Rockets are launched towards Israel from Gaza City, controlled by the Palestinian Hamas movement, yesterday.Credit: MAHMUD HAMS - AFP
Amira Hass
Amira Hass

Israelis who run around in a panic when the warning sirens go off, abandoned towels on the beach in Tel Aviv, the closing of Ben-Gurion Airport – these scenes arouse feelings of schadenfreude among all Palestinians who live in the shadow of the intimidating and arrogant military and police power of Israel. It is only natural that Palestinians will want the Jewish military superpower to lose it and for the Israelis to know what fear is. But today as in previous rounds, that sense of joy or relief is short-lived or mixed with great fear, because Israel once again proves its ability to terrorize, kill and destroy is many times bigger than that of the Palestinians.
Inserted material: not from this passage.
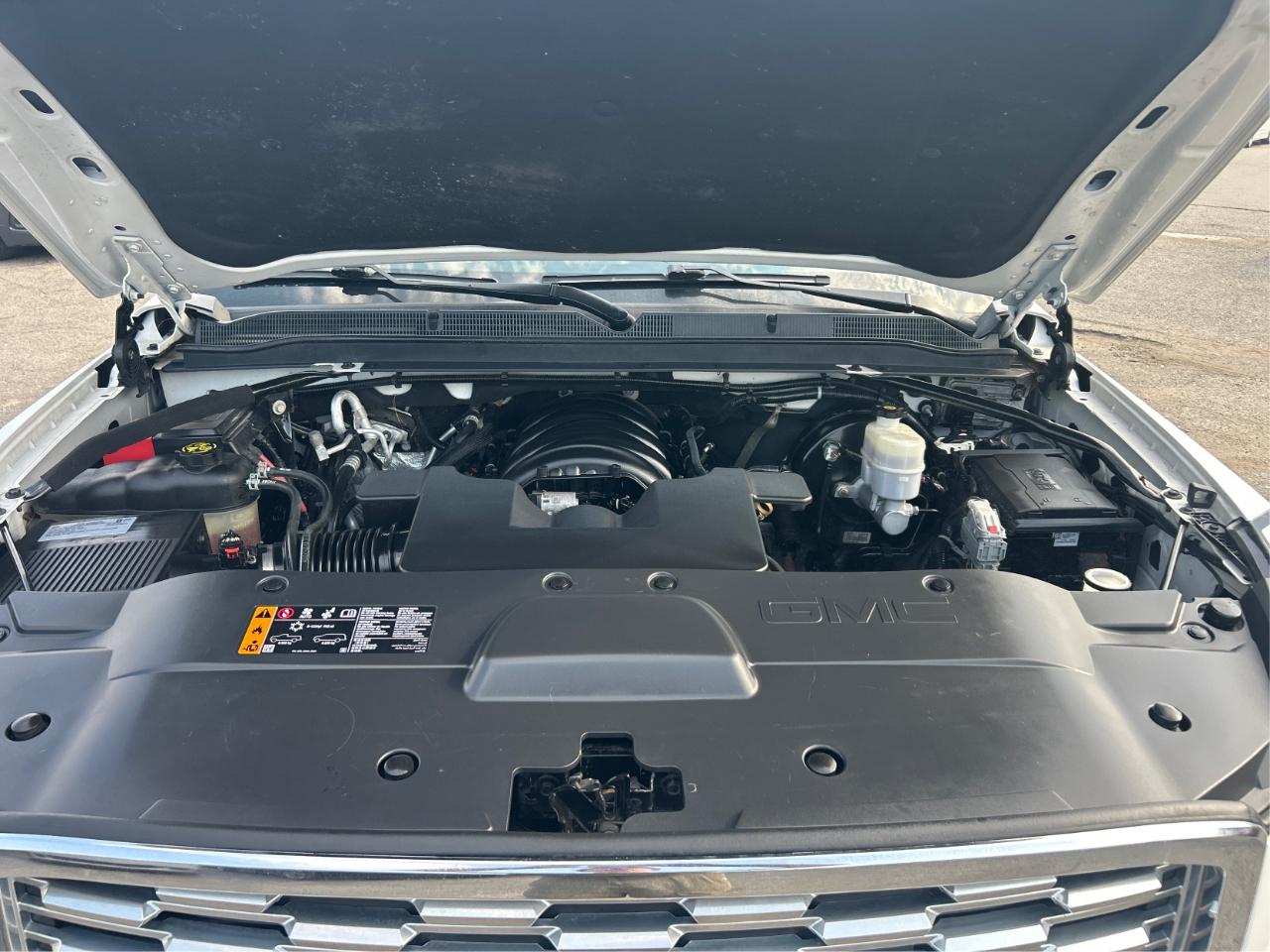 GMC Yukon XL Denali 4WD 2020
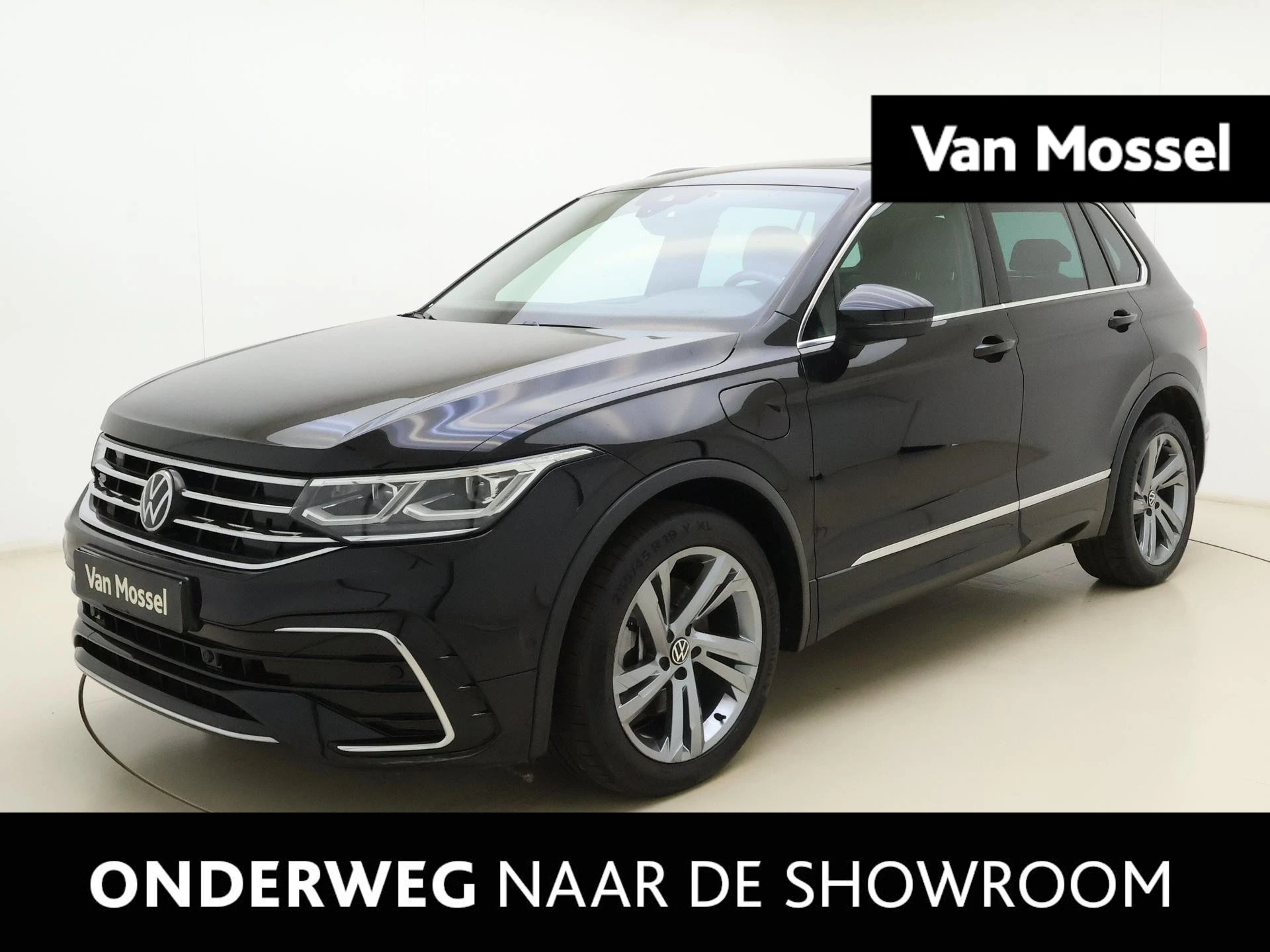 Volkswagen-Tiguan-image-0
The army that the Hamas movement has built, its perseverance despite the blockade and the assassinations, its military capability of surprise and ability to put millions of Israelis in a state of fear, have brought it into the big leagues that regional and global politics must take into consideration. And actually because of that, it is impossible to treat Hamas just as the representative of the victims, and it is impossible to exempt it from questions such as: Hasn’t its military response to the Israeli escalation in Jerusalem during the month of Ramadan nipped in the bud a popular, political movement against the eviction of Palestinians in Sheikh Jarrah? Was the terrible price the civilians of the Gaza Strip are paying taken into account?

The arming and the present confrontation are seen in the eyes of many as a military and political achievement and booster of morale. This accomplishment has turned millions of Palestinians (mostly those who do not live in the Gaza Strip under the heavy Israeli fire) and also many among the supporters of the Palestinian struggle for liberation and return – into the fans and admirers of the Islamic resistance movement.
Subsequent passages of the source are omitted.